President Kim Schatzel shares the announcement that all University System of Maryland universities, including TU, will transition to distance learning for the remainder of the spring semester. The spring commencement ceremony will be postponed. The Division of Student Affairs emails students with a list of services that will be available virtually for the remainder of the semester. The Office of Technology Services emails students to announce the creation of a “Student Technology Resources for Remote Learning” webpage.

Monday, March 26th

Distance learning classes begin for TU students and faculty.

“I feel like [online] classes are a bit less stressful because I don’t have to wake up as early to get to class on time, with everything being online all I have to do is log on. However, while getting to class is a stress that’s lost, so too is the charm of the physical learning environment. The biggest challenge by far is losing those face to face interactions and discussions that come with the physical classroom.”

– Dante Faison, Junior, English Major, Secondary Education Concentration

March 26th

Just under a month since the first COVID-19 death in the United States, the country now leads the world in coronavirus cases. The country has recorded 81,321 cases at this point.

March 27th

The Office of the Provost announces changes to the grading policy for the spring semester. Students will have “increased ability” to select the pass grading option.

March 30th

Governor Larry Hogan of Maryland issues a statewide stay-at-home order.

“Students now have added responsibilities of helping our household stay healthy and safe as well as the added stress of sick family members and friends. I give a lot of credit to the students who are remaining to keep a solid routine and schedule. I also feel for the students who are struggling immensely with keeping up with school and their mental health.”

– Emma Roth, Sophomore, Business Administration Major, Legal Studies Concentration

March 31st

TU students receive an email with a compilation of resources for distance learning.

“My transition to distance learning has been difficult, particularly with my chemistry course. I know many students can relate to the fact that lab sciences are difficult courses to translate completely through technology and virtual learning. Without the first-hand application that I would normally have in my chemistry lab, I believe that my comprehension of the material overall has unfortunately suffered. I’ve always been a very dedicated student who prioritizes my schoolwork and strives for my best, but this transition to distance learning as well as the stress surrounding the COVID-19 pandemic has significantly hindered my motivation and excitement for school.”

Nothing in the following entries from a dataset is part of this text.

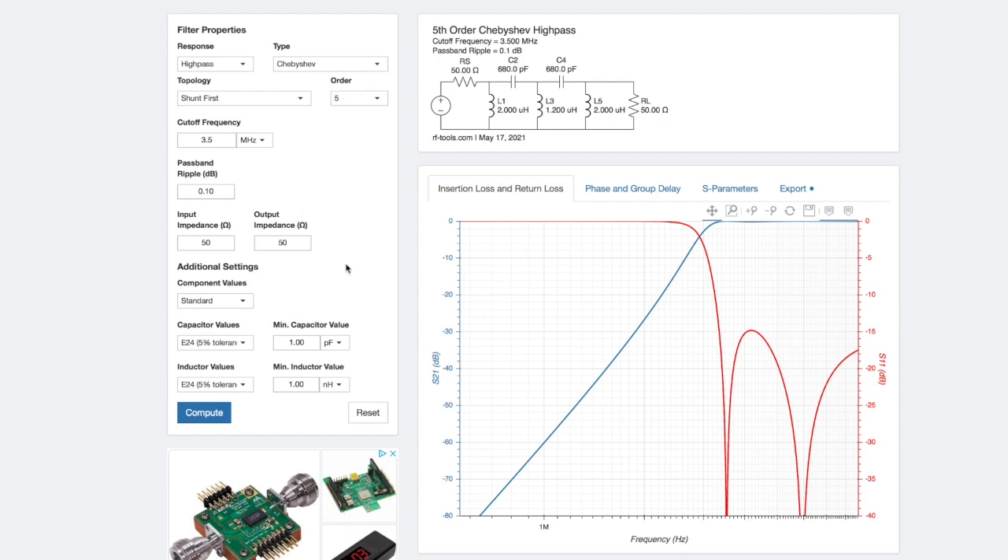If you put standard values it'll give you standard component values, which is particularly useful for the capacitors. Just hit compute and you get something that looks like this.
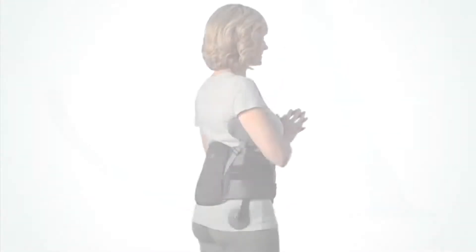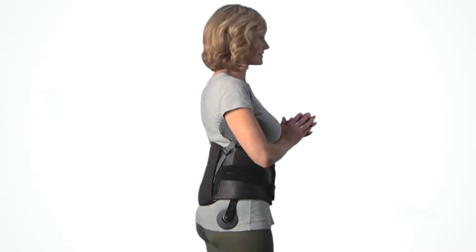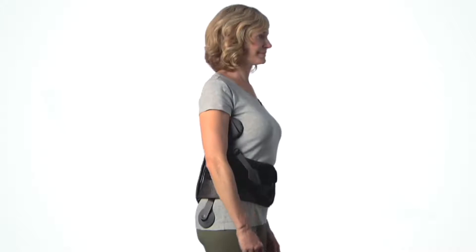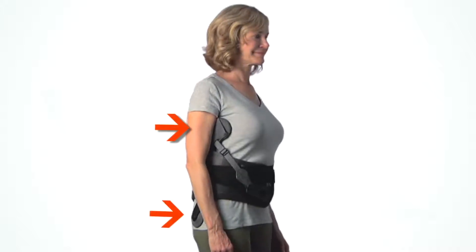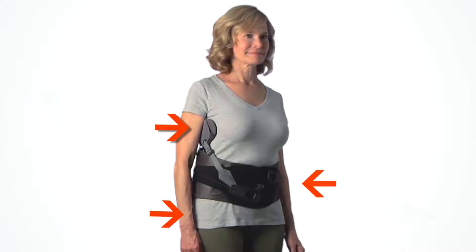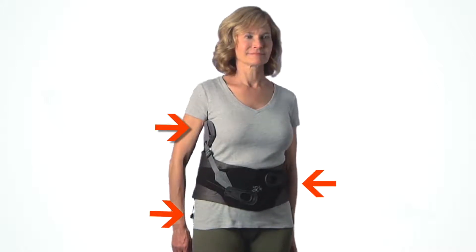The Peak Scoliosis Bracing System acts as an unloader brace for the spine. In this configuration, the force is applied to the patient by the thoracic and trochanter pads on one side and the belt with or without the lateral pad on the other side.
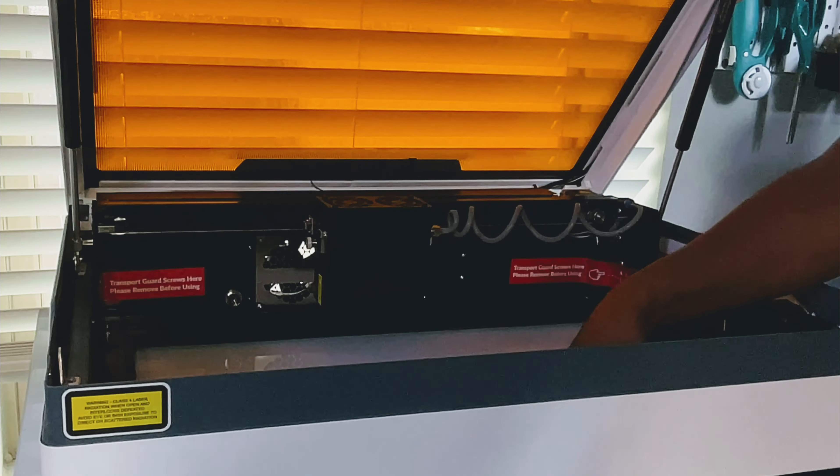Next, let's do laser engraving on slate. I did this same exact project previously with my WeCreate Vision. I'm going to use an SVG that I imported from Creative Fabrica. I'll select the whole image, group it, and then resize it to fit on the slate. Once I have the sizing correct, I'll go into the settings to make sure they are accurate. I'm going to select slate, and with the default custom setting, I'll make a couple of changes — I want to do a fill engrave and I'm going to change the power to 78 with a speed of 158.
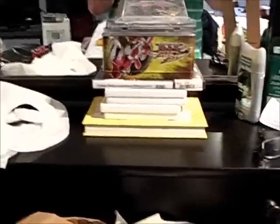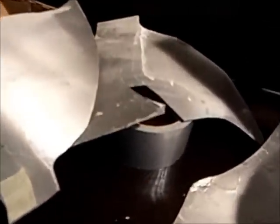Hey guys, NerfConverter31 here, with another random video. You're probably wondering what are all these parts here. Well, apparently, how to make a basic cardboard helmet.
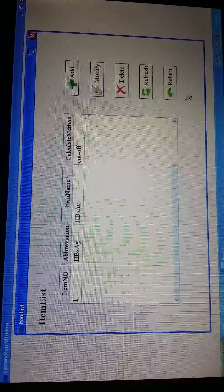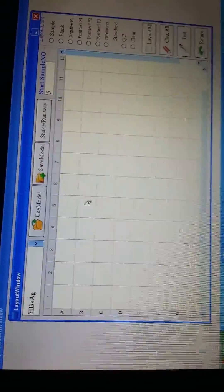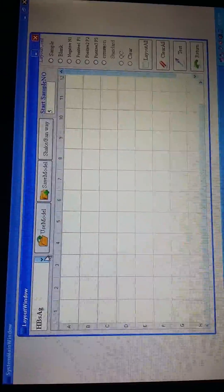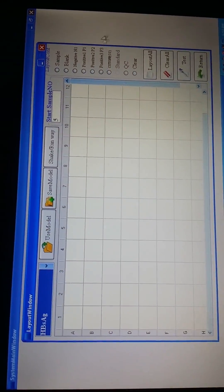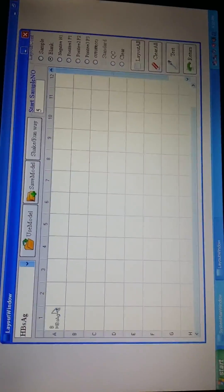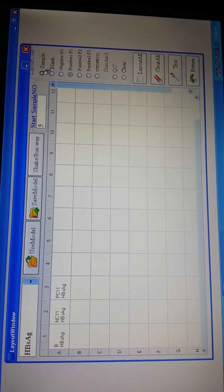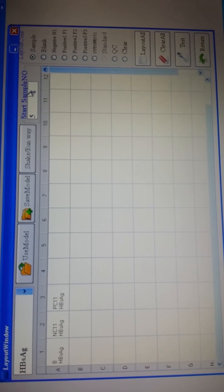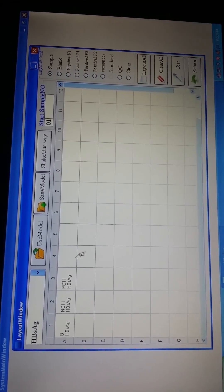Let me show you how to test the samples. From here, go to sample testing. After we get the sample testing interface, we can choose the item we want to test from the right corner. Then we should choose the blank, negative, and positive controls, and then the samples we want to test. After choosing the samples, you will see the sample numbers — you can put in the numbers as you want. We just put in 01, and you can place the sample here or here as you like.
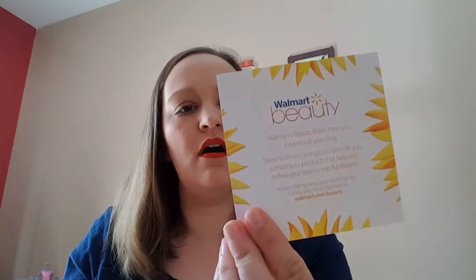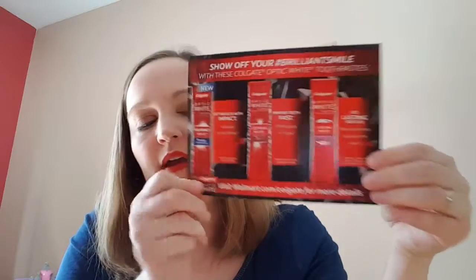There are also two cards — this one just talks about the Walmart Beauty Box, and this one tells you about the different whitening toothpastes. And that is it!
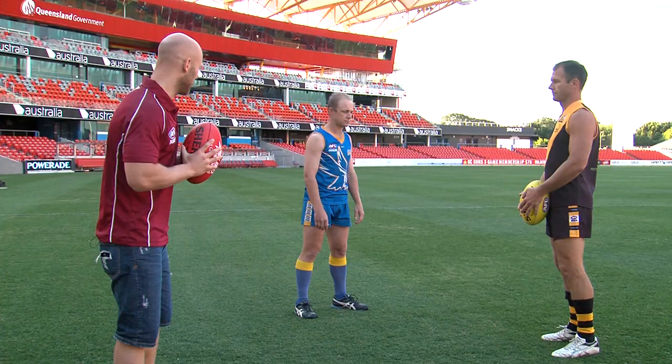Now we're going to take you through some tackling. The first thing that most people are taught when tackling is to tackle the hips. We're going to get Ken to take you through that now.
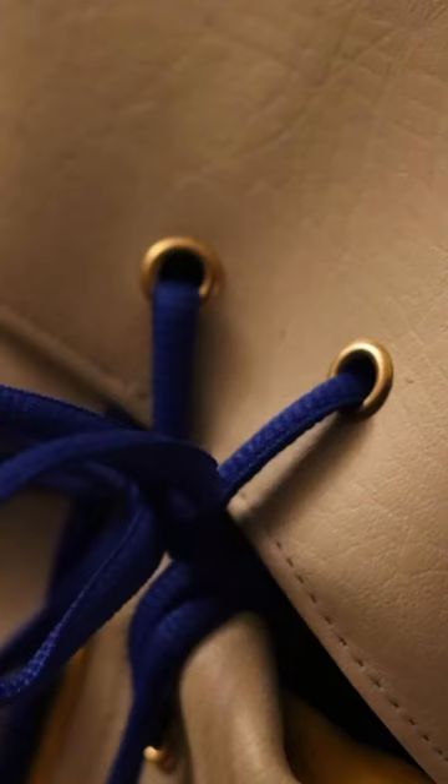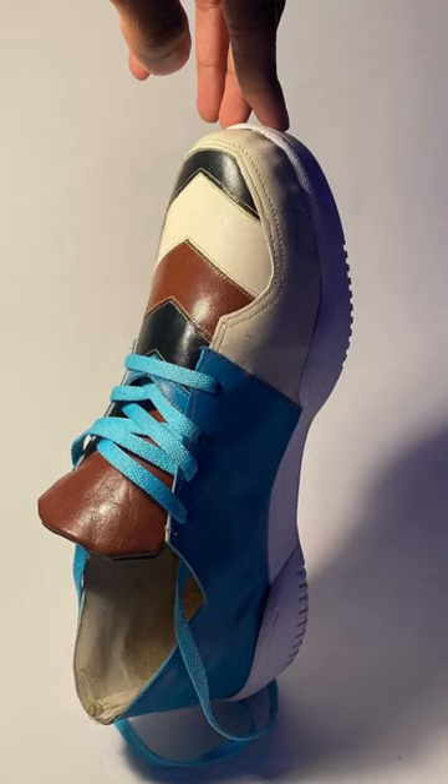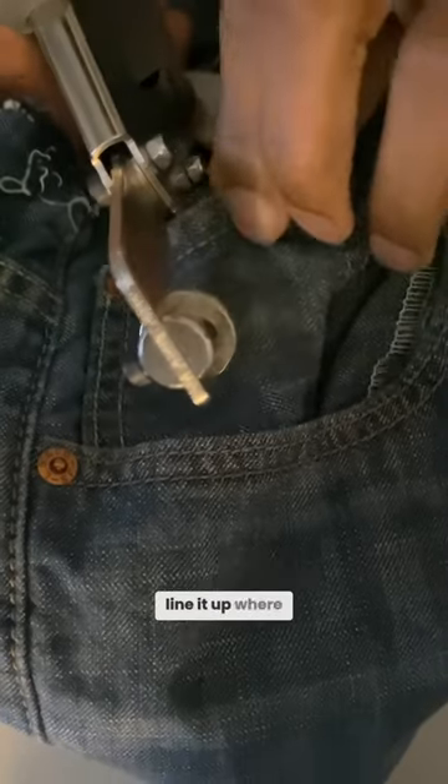Such as handbags, aprons, shoes. All you do is line it up where you want it. See, just that easy.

– Olivia Bowley, Sophomore, Health Education & Promotion Major

April 2nd

The number of COVID-19 cases tops 1,000,000 globally.

At the time of writing this post on April 13th, there are over 1.8 million cases of COVID-19 globally and 555,371 confirmed cases in the United States. The State of Maryland currently has 8,225 cases. As the situation evolves, SCUA will continue to record the way that COVID-19 impacts our campus community. SCUA would also like to thank all of the students – Dante, Olivia, and Emma – who participated in this project.